Work to be completed :: The pictures in the data below are to be omitted; all else must be duplicated exactly.

Supplied information ::
╭──

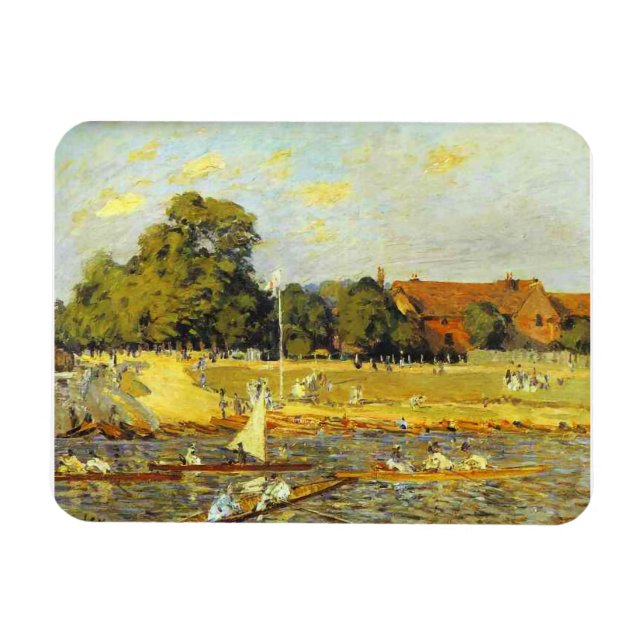 Regatta bei Hampton Court Alfred Sisley Poster Magnet (Horizontal)
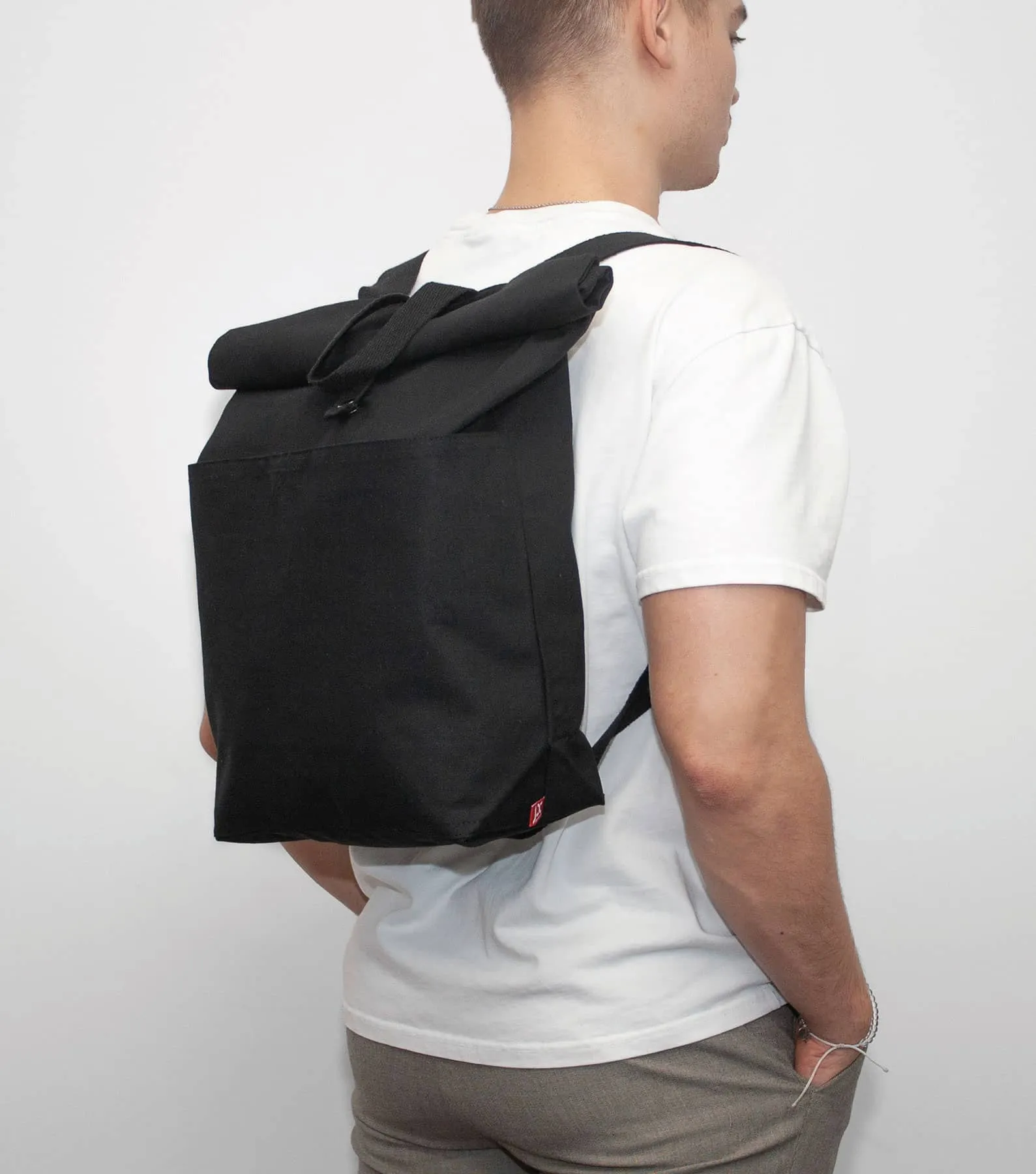 SEATTLE – Wickelrucksack aus schwerer Canvas-Baumwolle (40 x 60 cm)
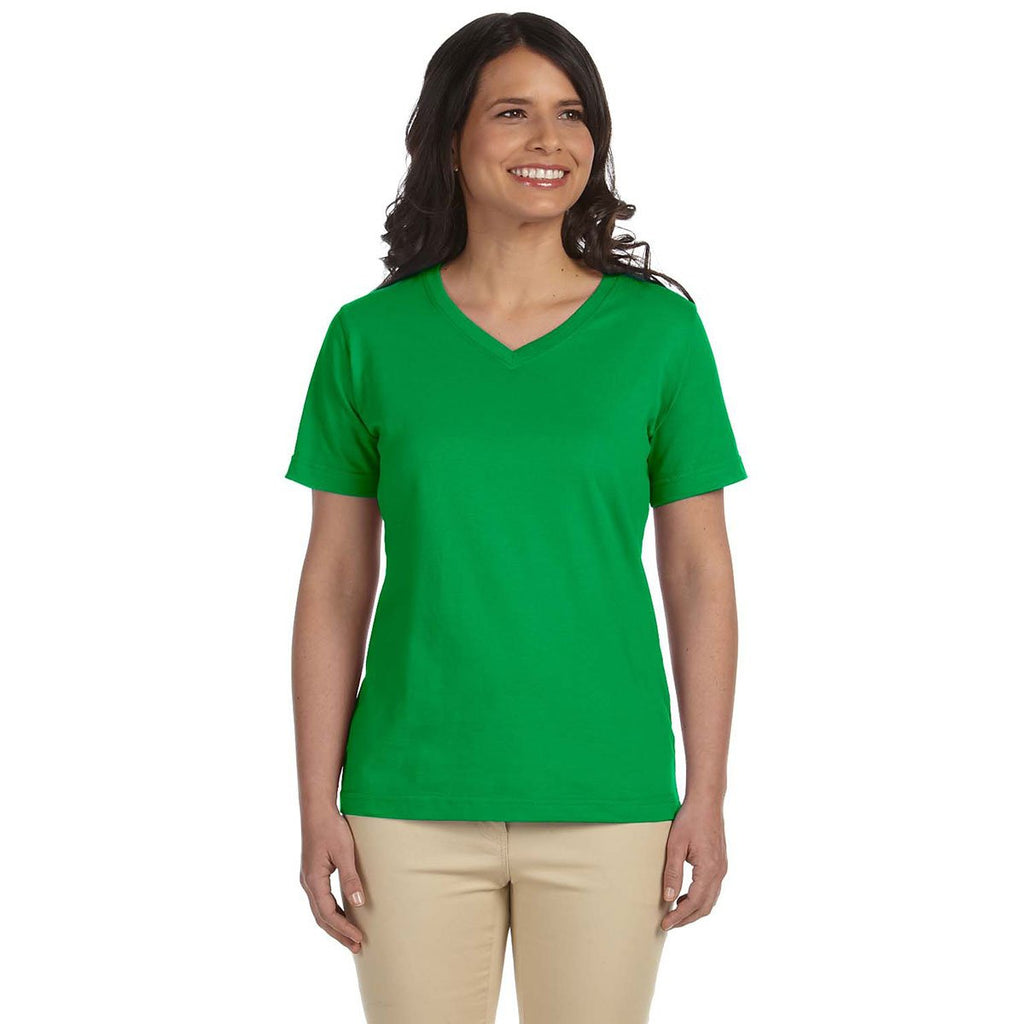LAT Women's Kelly V-Neck Premium Jersey T-Shirt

╰──

Answer below ::
 Regatta bei Hampton Court Alfred Sisley Poster Magnet (Horizontal)
 SEATTLE – Wickelrucksack aus schwerer Canvas-Baumwolle (40 x 60 cm)
LAT Women's Kelly V-Neck Premium Jersey T-Shirt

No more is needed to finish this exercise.